Un regard unique sur le passé de la Corée, des toilettes extérieures adaptées aux cochons et un art en voie de disparition
Après une matinée tranquille en mer, nous sommes arrivés au quai de Cheju, en Corée du Sud, où nous avons immédiatement été accueillis par un spectacle animé de danses folkloriques coréennes.

Jeju se trouve à l'extrémité sud de la Corée du Sud et est la plus grande île du pays. Elle est devenue une destination prisée des jeunes mariés et des vacanciers venus de toute l'Asie, et a été inscrite sur la Liste du patrimoine mondial pour ses grottes de tubes de lave exceptionnelles. Avec une population d'un peu plus de 600 000 habitants, nous nous attendions à un endroit plutôt calme, contrairement aux grandes villes que nous avions récemment visitées. Ce ne fut pas le cas, comme nous avons pu le constater lors de notre excursion de l’après-midi vers un village folklorique et le pic Sunrise.
Des autoroutes à six voies, très animées, longeaient les nombreuses plantations de mandariniers. Le sol ici ne se prête pas à la culture du riz. La première étape de notre visite fut le village folklorique de Seongup. Nous avions une charmante guide prénommée Kim qui nous a présenté un peu d’histoire et nous a également raconté son histoire personnelle : elle avait passé les cinq premières années de sa vie dans une maison similaire à celles que nous allions voir. Seongup est un village agricole traditionnel bien préservé où 3 000 maisons sont encore habitées. Il offre un aperçu unique du passé. La statue ci-dessous nous a accueillis à l’entrée du village.

Les maisons sont construites en pierre de lave et coiffées de toits de chaume qu’il faut remplacer chaque année. Apparemment, c’est la seule tâche qui incombe aux hommes. Les femmes s’occupent de tout le reste.

Kim nous a montré une maison semblable à celle dont elle se souvient de son enfance et nous a fait découvrir l'intérieur très dépouillé auquel nous nous attendions. Elle s'est souvenue que ces maisons étaient très froides en hiver, mais qu'elles étaient réchauffées par des feux allumés dans des marmites en pierre placées sous la maison. Cela réchauffait le sol où tout le monde dormait emmitouflé dans des couvertures.

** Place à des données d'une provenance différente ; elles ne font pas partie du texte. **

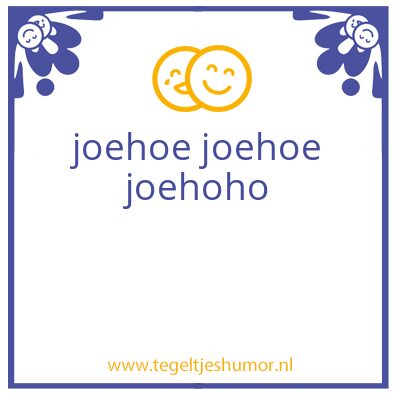 Tegeltje: hahahahaha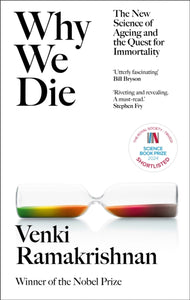 Why We Die : The New Science of Ageing and Longevity - 9781529369243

Son anecdote la plus drôle concernait les « toilettes extérieures », qui étaient en réalité la porcherie. Elle a expliqué que, petite, elle était terrifiée à l’idée d’aller aux toilettes car (et elle l’a mimé) elle devait s’accroupir sur le rebord du mur de pierre et faire ses besoins tandis que les cochons se promenaient en contrebas. Il y avait un bâton muni d’un clou à son extrémité, au cas où les cochons deviendraient trop agressifs et qu’elle doive les repousser. La plomberie intérieure est sans aucun doute sous-estimée.

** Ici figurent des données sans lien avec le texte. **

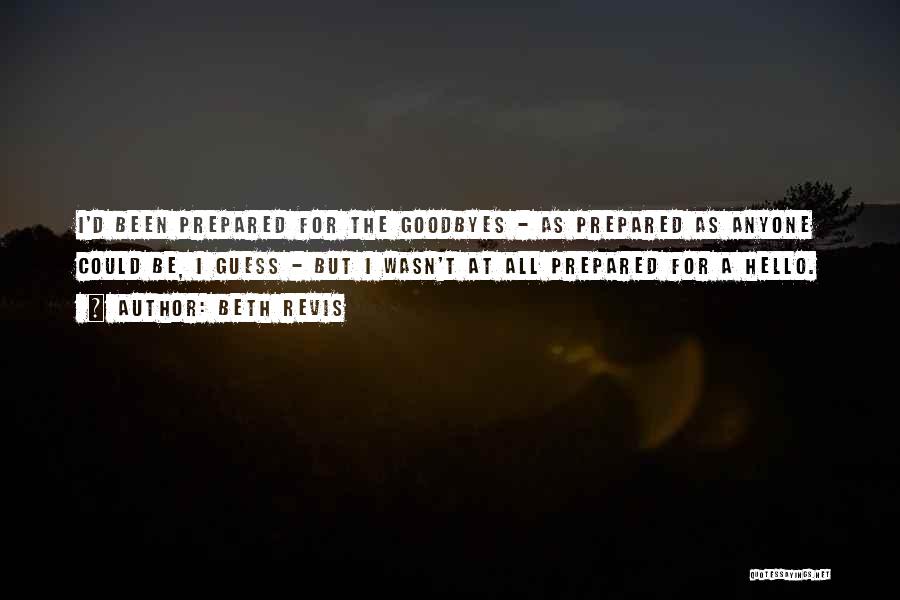 Beth Revis Quotes: I'd Been Prepared For The Goodbyes - As Prepared As Anyone Could Be, I Guess - But I Wasn't At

Dans la cour d'une maison occupée, nous avons vu ces paniers polyvalents qui servent à transporter des cruches d'eau, mais aussi à porter les nourrissons pendant que leurs mères travaillent dans les champs.

Notre prochaine étape était le « Sunrise Peak ». Le Hallasan, un volcan éteint depuis longtemps, domine l’île et un parc national s’est développé autour de lui. Il culmine à près de 7 000 pieds. Il est possible d’en gravir le sommet, mais cela prend plusieurs heures et nécessite probablement plus d’endurance que notre groupe n’en possédait. Nous avons donc préféré nous rendre en voiture au cône de tuf de Seongsang Ilchubong, également connu sous le nom de « Sunrise Peak », situé à la pointe orientale de l’île.

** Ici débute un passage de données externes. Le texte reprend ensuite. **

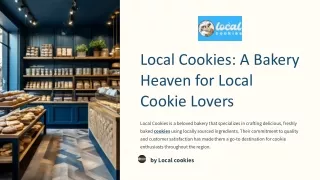 Local Cookies A Bakery Heaven for Local Cookie Lovers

Il y aurait plus de 600 marches à gravir, mais tout est en très bon état. Il y a des rampes partout et les marches sont régulières et lisses. Nous nous sommes arrêtés plusieurs fois pendant la montée, soi-disant pour prendre des photos, mais cela nous a permis de reprendre notre souffle, ce qui était un petit plus appréciable.



Une autre attraction locale est celle des « Haenyea » : ces plongeuses qui descendent jusqu’à 60′ de profondeur pour capturer des espèces marines. Malheureusement, les vents étaient trop violents aujourd’hui pour qu’elles puissent plonger. Kim nous a expliqué que cet art est peut-être en voie de disparition, car la plupart de ces femmes ont entre 60 et 80 ans, la plus jeune ayant 40 ans. Apparemment, les jeunes filles ne sont tout simplement pas intéressées par ce métier. Une décision que je peux comprendre, alors que je regagnais le bateau pour un merveilleux soin du visage à 18 h. Un dîner en chambre, un film et une nuit de sommeil précoce.